** Work order **
Go through the records and copy each line where the word "Hyundai" occurs.

————————

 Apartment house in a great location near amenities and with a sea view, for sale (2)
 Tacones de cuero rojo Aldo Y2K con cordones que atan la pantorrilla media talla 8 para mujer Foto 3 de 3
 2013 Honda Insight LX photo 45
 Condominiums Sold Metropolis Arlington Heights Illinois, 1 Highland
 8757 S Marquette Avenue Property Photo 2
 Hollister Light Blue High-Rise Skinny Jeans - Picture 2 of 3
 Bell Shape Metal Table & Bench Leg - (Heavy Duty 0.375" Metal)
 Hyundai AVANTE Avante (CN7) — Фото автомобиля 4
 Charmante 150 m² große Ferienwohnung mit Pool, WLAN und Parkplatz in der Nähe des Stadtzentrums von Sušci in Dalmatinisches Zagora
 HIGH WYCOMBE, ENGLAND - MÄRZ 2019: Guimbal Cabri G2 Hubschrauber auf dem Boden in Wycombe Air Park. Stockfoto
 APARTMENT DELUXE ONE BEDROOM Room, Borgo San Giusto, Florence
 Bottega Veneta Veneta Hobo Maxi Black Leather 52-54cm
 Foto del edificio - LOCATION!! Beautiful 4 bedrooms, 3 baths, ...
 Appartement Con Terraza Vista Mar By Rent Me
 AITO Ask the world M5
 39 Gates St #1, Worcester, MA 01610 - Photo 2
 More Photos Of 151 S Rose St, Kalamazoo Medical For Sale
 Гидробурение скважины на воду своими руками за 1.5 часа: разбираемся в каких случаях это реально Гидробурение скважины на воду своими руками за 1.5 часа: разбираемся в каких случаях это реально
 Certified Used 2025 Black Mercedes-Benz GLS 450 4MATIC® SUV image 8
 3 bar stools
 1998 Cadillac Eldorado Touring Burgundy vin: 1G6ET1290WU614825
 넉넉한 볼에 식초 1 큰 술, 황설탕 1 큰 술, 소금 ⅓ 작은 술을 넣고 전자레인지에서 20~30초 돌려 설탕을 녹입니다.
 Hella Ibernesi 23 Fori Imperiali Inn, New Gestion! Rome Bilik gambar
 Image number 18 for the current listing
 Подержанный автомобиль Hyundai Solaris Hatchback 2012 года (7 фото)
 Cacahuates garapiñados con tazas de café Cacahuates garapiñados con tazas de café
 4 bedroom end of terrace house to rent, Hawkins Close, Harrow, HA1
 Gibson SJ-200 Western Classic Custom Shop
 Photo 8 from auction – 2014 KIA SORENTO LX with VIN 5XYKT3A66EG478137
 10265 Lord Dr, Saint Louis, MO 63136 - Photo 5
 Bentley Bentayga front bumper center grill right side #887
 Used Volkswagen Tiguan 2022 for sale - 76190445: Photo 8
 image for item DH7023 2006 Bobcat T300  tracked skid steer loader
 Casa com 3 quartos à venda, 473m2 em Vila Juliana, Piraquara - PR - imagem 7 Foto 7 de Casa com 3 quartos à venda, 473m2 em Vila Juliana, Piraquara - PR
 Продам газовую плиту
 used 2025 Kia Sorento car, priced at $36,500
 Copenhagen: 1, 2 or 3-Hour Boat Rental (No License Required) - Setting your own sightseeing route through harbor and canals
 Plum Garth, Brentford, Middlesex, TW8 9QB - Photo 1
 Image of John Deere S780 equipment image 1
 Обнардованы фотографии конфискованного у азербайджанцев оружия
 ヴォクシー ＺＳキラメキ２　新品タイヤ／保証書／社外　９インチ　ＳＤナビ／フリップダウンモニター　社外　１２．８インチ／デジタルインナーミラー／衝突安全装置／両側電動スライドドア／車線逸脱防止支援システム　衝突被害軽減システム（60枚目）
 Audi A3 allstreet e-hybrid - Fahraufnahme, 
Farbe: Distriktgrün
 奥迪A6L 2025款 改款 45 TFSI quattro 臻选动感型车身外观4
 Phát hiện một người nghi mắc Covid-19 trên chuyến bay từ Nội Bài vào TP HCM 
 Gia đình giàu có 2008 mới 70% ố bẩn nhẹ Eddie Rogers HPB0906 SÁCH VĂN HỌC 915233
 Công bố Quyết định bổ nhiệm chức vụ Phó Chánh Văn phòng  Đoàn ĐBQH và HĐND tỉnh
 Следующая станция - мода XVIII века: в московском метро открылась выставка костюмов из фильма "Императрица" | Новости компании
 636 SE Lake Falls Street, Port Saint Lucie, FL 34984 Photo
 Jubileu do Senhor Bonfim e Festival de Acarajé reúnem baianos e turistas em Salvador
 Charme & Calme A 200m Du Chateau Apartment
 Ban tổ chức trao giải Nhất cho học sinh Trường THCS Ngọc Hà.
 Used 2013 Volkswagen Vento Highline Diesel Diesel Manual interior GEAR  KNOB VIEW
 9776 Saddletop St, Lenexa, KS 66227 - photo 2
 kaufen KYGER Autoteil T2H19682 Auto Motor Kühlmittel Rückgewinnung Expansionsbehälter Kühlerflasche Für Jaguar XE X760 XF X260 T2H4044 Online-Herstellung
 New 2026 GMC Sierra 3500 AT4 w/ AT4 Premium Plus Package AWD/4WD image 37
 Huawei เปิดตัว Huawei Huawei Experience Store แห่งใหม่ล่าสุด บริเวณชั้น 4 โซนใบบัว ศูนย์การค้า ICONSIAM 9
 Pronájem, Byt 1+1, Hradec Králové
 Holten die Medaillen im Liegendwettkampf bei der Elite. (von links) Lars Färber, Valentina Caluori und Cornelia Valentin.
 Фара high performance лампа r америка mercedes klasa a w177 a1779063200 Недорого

————————

** Written answer **
 Hyundai AVANTE Avante (CN7) — Фото автомобиля 4
 Подержанный автомобиль Hyundai Solaris Hatchback 2012 года (7 фото)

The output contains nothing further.